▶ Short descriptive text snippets
»»

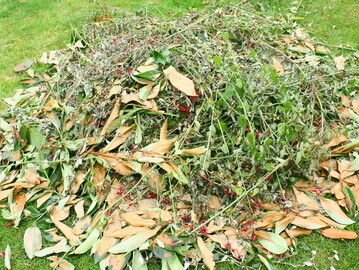 Gestion des déchets verts (tonte, jardinage)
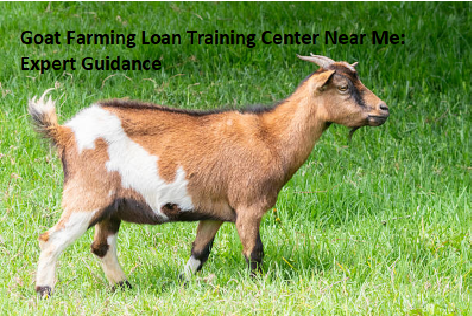 Goat Farming Loan Training Center Near Me: Expert Guidance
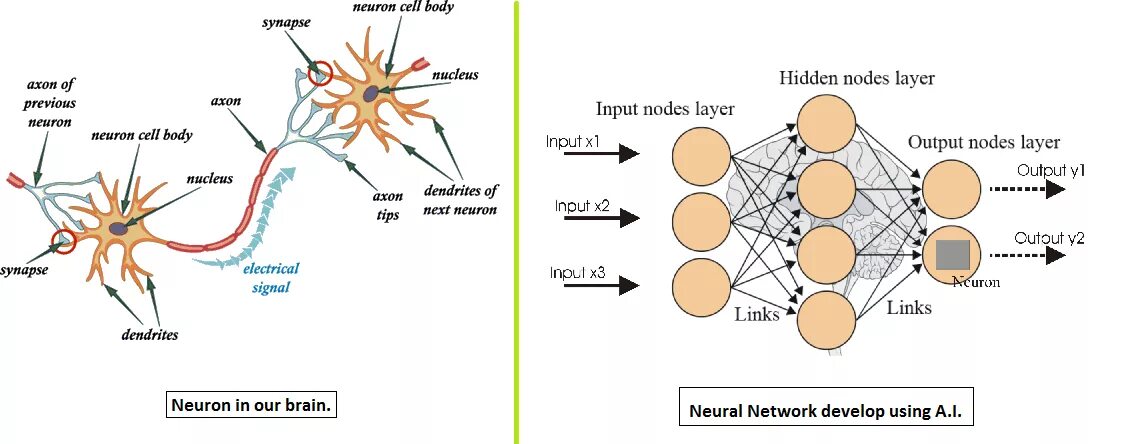 Synapse x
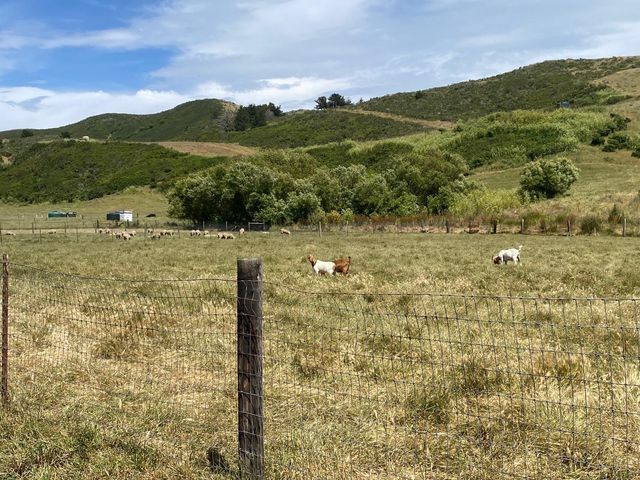 746 Tunitas Creek Road, Half Moon Bay, CA 94019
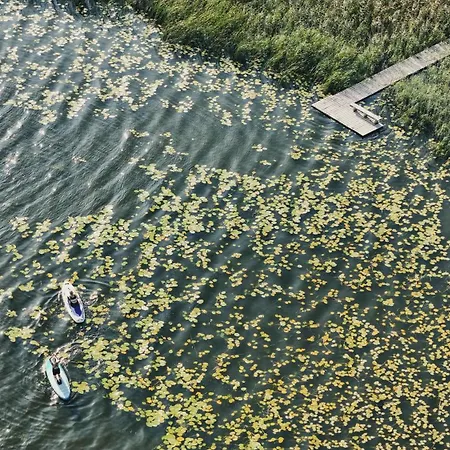 Апартаменты Windyki *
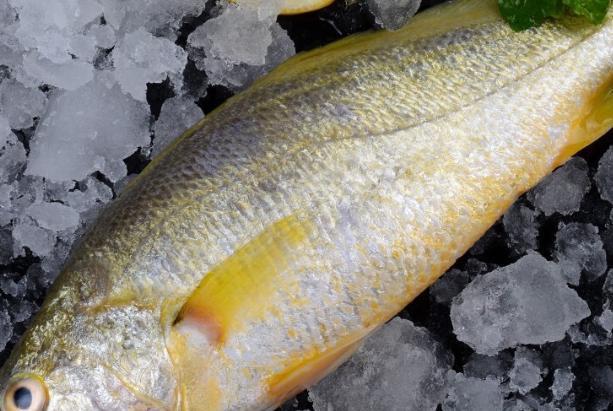 冬天买鱼,这5种鱼不能人工养殖,刺少肉嫩营养高,千万别错过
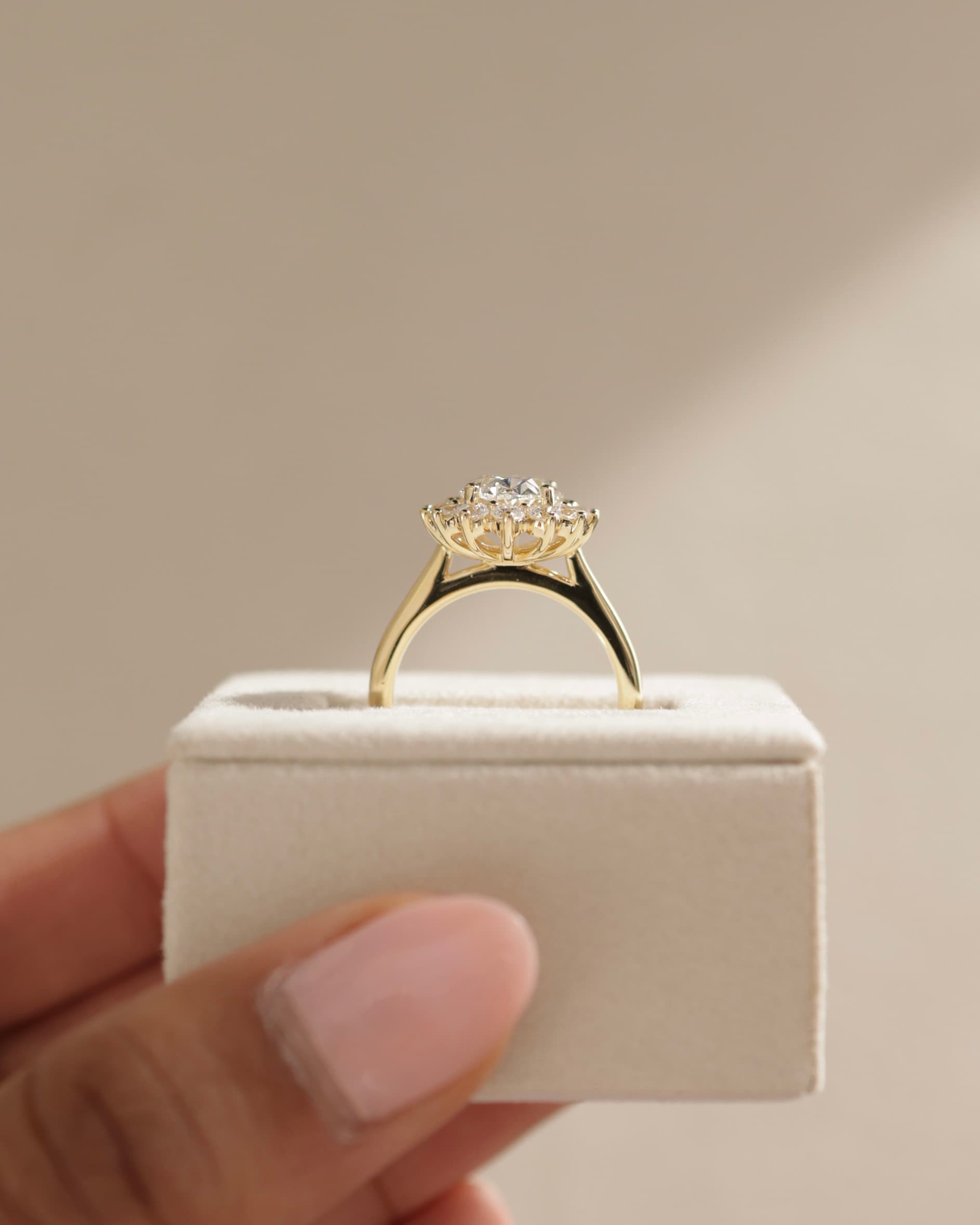 Arielle - Oval Claw Solitaire with Sunburst Halo and Cathedral High Setting Engagement Ring - Rose Two-Tone - rose two-tone - Lara Jewels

««

▶ Directions for this task
Find the line that contains "Апартаменты Windyki *". Reproduce it and every later line of the records exactly, minus the pictures.

▶ Solved problem
 Апартаменты Windyki *
 冬天买鱼,这5种鱼不能人工养殖,刺少肉嫩营养高,千万别错过
 Arielle - Oval Claw Solitaire with Sunburst Halo and Cathedral High Setting Engagement Ring - Rose Two-Tone - rose two-tone - Lara Jewels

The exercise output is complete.